Items listed in a dataset
<<<<
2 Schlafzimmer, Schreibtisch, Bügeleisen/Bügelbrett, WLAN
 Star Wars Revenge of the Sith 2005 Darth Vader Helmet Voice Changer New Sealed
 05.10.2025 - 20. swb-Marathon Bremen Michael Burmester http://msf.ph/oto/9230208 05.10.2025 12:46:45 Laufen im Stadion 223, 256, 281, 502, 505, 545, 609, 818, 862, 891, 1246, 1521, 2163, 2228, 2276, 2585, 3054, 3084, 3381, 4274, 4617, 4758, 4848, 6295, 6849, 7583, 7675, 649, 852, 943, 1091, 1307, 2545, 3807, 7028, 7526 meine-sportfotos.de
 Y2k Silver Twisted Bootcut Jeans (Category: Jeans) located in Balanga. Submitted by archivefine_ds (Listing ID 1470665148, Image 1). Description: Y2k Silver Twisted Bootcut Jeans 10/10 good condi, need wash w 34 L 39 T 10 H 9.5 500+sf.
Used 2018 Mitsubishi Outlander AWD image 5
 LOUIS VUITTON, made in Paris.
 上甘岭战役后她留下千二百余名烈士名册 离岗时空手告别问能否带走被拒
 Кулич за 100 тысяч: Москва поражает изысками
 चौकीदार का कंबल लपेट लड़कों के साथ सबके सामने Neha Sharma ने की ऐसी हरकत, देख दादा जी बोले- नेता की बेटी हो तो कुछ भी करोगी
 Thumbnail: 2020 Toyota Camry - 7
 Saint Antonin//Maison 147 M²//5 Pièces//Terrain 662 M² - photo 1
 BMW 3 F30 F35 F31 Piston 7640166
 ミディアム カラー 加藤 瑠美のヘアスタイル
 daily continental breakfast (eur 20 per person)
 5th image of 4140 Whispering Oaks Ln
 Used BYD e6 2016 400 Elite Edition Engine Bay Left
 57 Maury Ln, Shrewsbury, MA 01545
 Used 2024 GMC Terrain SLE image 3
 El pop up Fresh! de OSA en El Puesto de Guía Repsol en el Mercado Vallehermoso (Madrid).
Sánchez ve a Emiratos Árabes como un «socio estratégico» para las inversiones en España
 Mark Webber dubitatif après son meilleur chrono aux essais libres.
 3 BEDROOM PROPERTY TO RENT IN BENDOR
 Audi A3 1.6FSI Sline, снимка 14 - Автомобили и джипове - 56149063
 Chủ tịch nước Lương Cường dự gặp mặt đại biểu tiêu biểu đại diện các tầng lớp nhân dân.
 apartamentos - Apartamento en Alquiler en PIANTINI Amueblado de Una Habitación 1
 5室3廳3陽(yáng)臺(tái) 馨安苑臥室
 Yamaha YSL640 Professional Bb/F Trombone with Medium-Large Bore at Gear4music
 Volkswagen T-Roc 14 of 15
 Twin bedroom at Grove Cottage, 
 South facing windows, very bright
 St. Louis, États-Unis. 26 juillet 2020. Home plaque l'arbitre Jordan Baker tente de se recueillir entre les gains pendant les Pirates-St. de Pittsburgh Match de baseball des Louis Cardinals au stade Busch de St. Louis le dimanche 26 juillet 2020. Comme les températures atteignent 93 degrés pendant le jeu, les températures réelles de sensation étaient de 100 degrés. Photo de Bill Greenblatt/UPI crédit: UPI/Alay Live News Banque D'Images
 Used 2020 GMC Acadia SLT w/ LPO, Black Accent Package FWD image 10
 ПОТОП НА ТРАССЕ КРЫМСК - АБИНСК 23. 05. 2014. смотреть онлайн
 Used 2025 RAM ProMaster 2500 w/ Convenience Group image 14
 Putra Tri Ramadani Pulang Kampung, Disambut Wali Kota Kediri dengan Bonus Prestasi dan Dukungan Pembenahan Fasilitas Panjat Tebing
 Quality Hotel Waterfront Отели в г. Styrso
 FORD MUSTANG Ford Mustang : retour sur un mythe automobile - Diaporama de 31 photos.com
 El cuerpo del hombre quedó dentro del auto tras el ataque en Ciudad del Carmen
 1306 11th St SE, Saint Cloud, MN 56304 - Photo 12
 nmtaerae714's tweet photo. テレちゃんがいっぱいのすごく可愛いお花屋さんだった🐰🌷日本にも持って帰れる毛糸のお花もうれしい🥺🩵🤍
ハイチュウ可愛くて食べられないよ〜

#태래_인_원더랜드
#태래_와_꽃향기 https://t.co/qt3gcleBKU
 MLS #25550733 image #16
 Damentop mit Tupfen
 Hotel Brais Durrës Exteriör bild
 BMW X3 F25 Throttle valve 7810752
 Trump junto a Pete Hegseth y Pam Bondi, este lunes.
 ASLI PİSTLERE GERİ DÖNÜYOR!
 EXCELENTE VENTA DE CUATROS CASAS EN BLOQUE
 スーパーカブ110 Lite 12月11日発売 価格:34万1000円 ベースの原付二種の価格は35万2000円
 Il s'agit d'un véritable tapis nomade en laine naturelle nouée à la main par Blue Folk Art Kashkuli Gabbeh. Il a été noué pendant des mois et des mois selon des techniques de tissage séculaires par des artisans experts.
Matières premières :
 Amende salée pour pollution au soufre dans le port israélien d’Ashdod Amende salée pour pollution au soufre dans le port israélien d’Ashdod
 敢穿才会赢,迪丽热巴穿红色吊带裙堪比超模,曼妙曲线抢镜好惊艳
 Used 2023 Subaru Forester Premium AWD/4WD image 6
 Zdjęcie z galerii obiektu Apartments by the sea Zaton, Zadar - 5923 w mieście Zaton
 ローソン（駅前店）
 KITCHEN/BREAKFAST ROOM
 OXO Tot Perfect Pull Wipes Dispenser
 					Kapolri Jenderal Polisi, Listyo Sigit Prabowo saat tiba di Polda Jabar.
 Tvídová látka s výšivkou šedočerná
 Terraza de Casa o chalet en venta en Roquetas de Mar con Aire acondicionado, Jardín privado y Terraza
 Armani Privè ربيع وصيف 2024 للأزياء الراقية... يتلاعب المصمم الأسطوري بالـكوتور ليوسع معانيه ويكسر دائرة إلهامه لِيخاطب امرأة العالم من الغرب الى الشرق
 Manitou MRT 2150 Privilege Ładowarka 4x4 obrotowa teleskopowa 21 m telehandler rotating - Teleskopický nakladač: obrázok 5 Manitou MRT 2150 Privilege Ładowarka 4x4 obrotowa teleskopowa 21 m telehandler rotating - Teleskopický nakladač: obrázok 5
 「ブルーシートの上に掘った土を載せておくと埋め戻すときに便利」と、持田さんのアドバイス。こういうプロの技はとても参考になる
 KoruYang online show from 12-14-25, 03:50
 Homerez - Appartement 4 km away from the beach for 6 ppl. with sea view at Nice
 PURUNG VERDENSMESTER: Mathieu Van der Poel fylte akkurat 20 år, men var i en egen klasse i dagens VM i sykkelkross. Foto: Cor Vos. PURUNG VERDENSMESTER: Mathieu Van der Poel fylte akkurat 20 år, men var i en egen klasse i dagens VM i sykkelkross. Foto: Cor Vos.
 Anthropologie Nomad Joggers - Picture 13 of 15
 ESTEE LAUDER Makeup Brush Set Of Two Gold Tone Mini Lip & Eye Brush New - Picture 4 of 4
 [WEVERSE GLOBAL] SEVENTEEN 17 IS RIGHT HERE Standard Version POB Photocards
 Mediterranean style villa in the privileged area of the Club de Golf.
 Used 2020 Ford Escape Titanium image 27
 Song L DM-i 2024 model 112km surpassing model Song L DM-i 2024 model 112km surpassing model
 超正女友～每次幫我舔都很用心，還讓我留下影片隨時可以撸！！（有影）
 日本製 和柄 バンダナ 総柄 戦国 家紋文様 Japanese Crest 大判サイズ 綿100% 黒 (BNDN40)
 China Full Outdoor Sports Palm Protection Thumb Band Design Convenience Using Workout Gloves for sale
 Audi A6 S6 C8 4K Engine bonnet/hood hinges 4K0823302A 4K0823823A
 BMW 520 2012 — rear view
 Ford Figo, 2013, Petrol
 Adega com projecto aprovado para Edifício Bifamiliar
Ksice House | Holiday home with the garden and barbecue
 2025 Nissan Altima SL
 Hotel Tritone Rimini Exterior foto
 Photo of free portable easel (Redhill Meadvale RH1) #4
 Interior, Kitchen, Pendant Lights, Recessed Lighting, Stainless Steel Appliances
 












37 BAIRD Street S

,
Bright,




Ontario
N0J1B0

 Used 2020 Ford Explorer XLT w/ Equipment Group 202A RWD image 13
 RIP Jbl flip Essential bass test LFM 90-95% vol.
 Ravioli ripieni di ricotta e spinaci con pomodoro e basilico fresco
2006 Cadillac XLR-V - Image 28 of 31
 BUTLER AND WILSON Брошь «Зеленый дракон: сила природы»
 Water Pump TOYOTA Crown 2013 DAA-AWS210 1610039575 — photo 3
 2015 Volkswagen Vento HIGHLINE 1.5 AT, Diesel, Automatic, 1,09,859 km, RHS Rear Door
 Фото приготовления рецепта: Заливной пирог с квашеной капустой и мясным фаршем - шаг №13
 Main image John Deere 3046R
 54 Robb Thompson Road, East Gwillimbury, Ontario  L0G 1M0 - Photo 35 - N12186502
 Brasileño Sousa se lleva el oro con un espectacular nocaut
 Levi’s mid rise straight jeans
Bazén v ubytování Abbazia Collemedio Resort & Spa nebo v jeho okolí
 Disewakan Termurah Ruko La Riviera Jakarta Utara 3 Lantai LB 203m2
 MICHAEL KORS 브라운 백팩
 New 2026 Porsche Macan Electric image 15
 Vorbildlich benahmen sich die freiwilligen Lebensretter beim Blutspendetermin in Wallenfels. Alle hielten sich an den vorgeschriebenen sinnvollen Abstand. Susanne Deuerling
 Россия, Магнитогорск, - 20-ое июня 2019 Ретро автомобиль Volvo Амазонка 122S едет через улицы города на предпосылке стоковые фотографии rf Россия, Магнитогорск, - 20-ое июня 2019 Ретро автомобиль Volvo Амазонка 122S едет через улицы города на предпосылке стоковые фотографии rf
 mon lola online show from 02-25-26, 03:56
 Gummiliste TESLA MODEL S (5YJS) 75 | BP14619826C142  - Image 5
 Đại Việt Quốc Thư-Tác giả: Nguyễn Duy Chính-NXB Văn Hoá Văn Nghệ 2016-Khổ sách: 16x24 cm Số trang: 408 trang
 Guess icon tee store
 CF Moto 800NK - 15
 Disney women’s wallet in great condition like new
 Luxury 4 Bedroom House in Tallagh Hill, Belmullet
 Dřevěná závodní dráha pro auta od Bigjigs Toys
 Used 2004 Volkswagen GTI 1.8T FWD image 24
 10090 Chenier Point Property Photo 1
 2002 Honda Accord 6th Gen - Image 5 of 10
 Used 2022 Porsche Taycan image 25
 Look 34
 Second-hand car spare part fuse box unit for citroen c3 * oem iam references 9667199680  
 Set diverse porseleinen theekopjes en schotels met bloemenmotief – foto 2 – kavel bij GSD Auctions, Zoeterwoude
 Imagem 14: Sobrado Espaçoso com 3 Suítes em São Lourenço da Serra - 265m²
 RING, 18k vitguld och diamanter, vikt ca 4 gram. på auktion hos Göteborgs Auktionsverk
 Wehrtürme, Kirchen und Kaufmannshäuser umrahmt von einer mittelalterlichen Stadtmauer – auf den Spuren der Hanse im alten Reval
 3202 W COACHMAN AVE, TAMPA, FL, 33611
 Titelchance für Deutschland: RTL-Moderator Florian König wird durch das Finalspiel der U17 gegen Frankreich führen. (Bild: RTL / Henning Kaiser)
>>>>
■ To do
Pull out every line above that holds the word "from".

■ Finished task
 KoruYang online show from 12-14-25, 03:50
 Homerez - Appartement 4 km away from the beach for 6 ppl. with sea view at Nice
 mon lola online show from 02-25-26, 03:56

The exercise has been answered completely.